● Data to examine
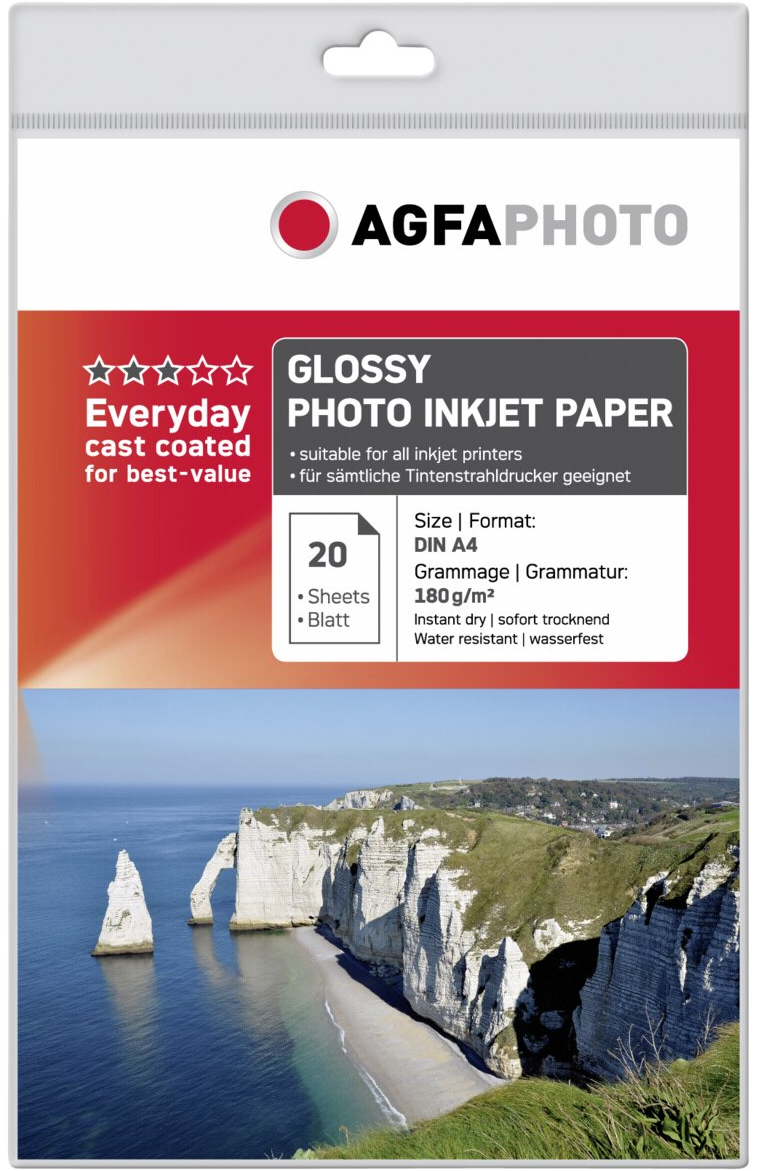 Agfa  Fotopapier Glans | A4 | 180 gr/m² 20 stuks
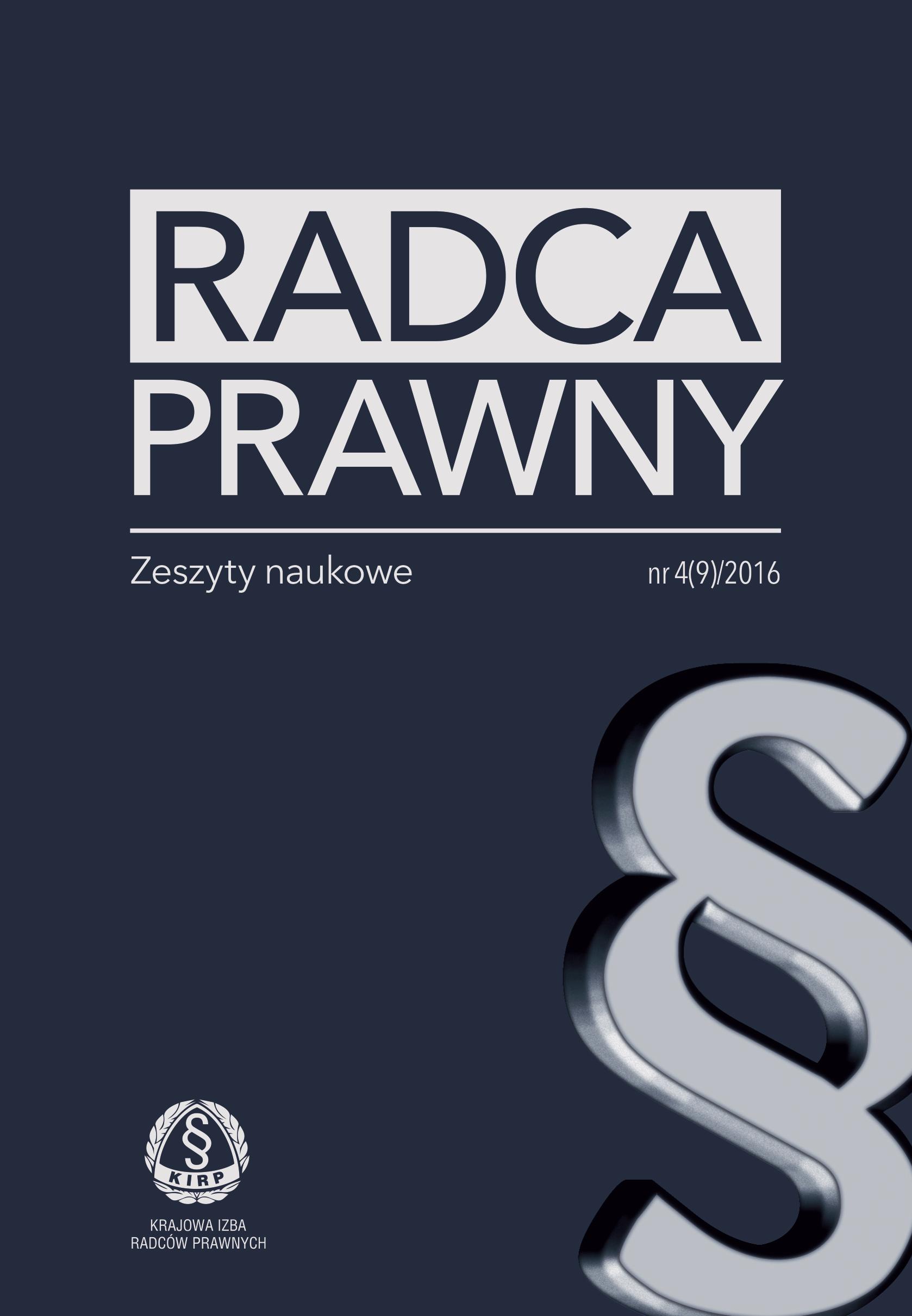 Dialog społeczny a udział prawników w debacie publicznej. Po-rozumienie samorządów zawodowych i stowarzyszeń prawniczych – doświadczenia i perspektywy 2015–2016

--

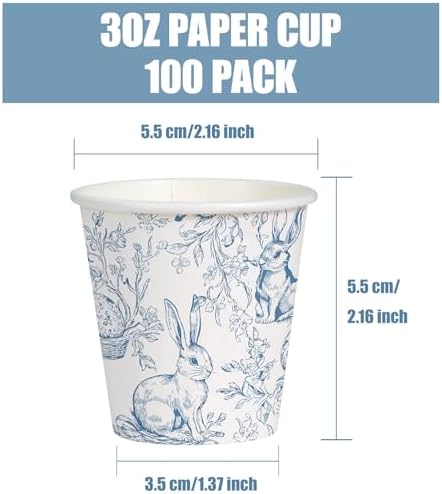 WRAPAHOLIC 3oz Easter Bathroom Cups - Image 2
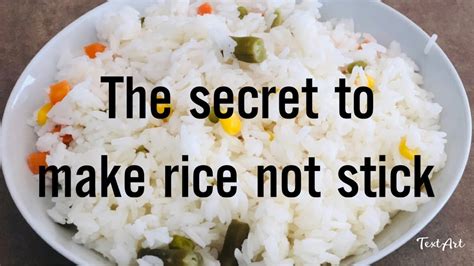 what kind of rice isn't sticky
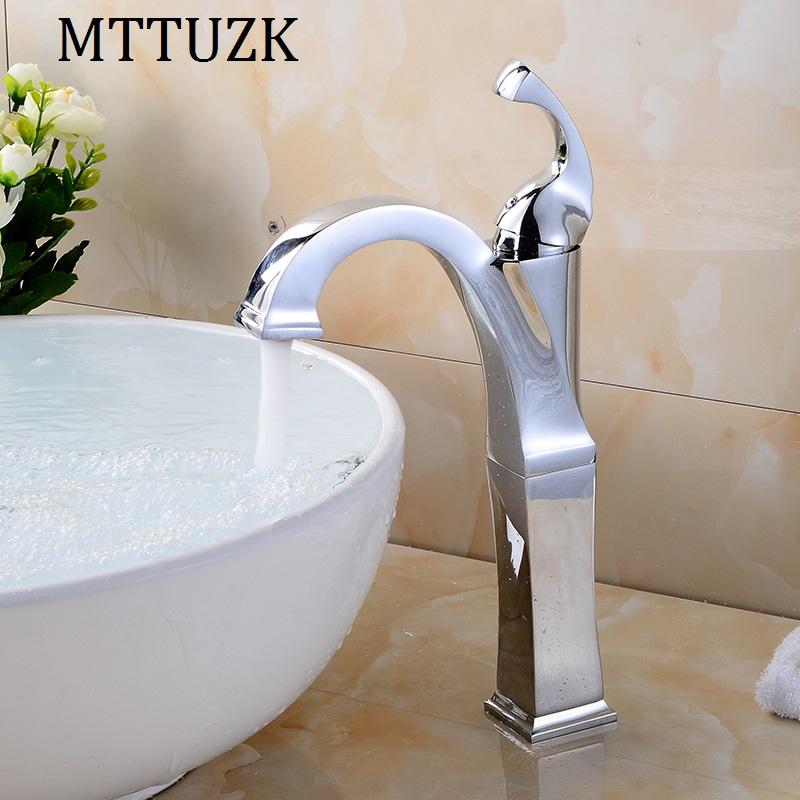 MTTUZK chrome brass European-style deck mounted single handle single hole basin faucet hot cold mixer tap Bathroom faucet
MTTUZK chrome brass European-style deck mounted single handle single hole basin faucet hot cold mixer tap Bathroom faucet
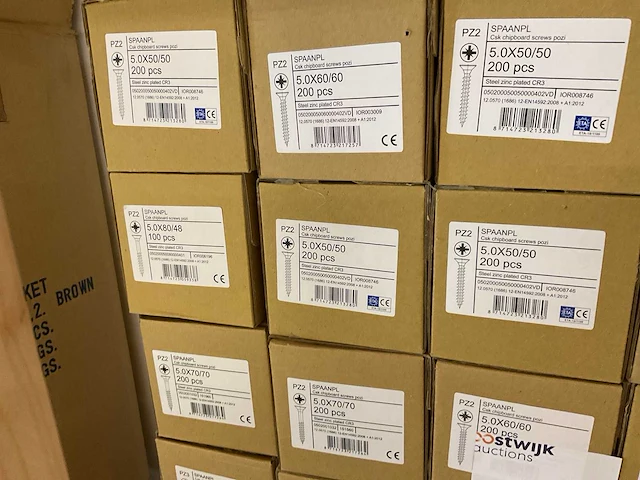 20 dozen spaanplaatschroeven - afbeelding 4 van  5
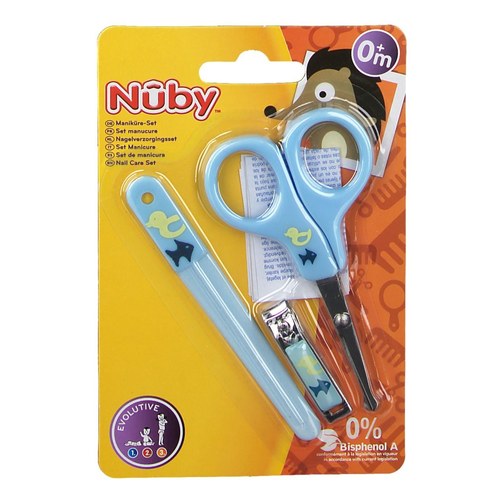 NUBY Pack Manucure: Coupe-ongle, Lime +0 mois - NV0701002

---

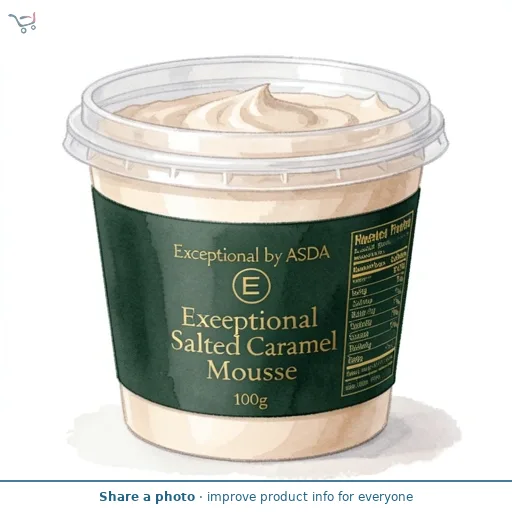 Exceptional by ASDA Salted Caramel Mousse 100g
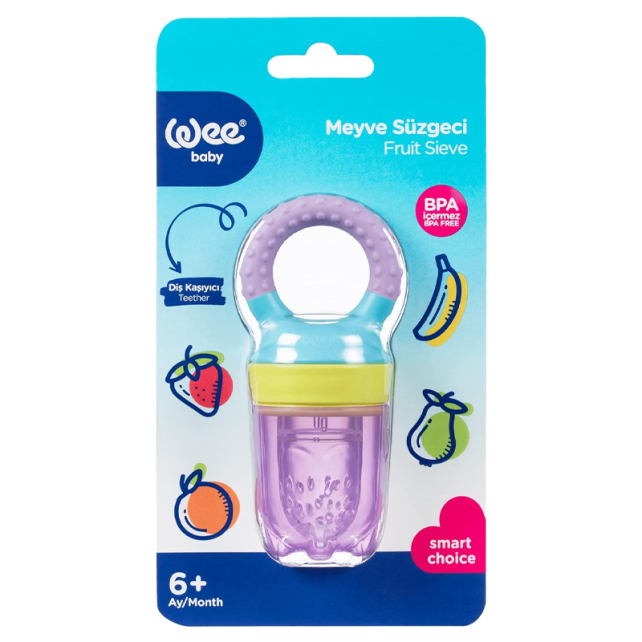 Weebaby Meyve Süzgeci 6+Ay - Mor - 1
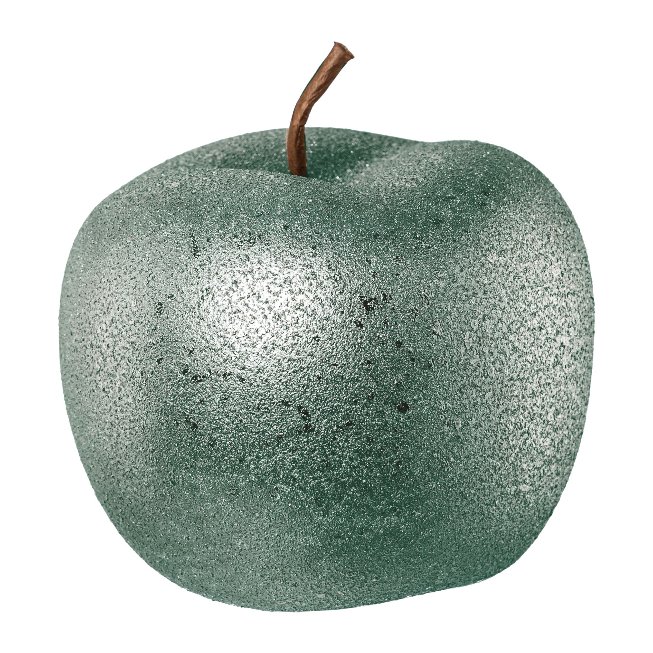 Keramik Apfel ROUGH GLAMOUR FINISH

● What to do
Return exactly the lines above, from the one with "gr/m² 20 stuks" up to and including the one with "Dialog społeczny a", and include no pictures.

● Reply to the exercise
 Agfa  Fotopapier Glans | A4 | 180 gr/m² 20 stuks
 Dialog społeczny a udział prawników w debacie publicznej. Po-rozumienie samorządów zawodowych i stowarzyszeń prawniczych – doświadczenia i perspektywy 2015–2016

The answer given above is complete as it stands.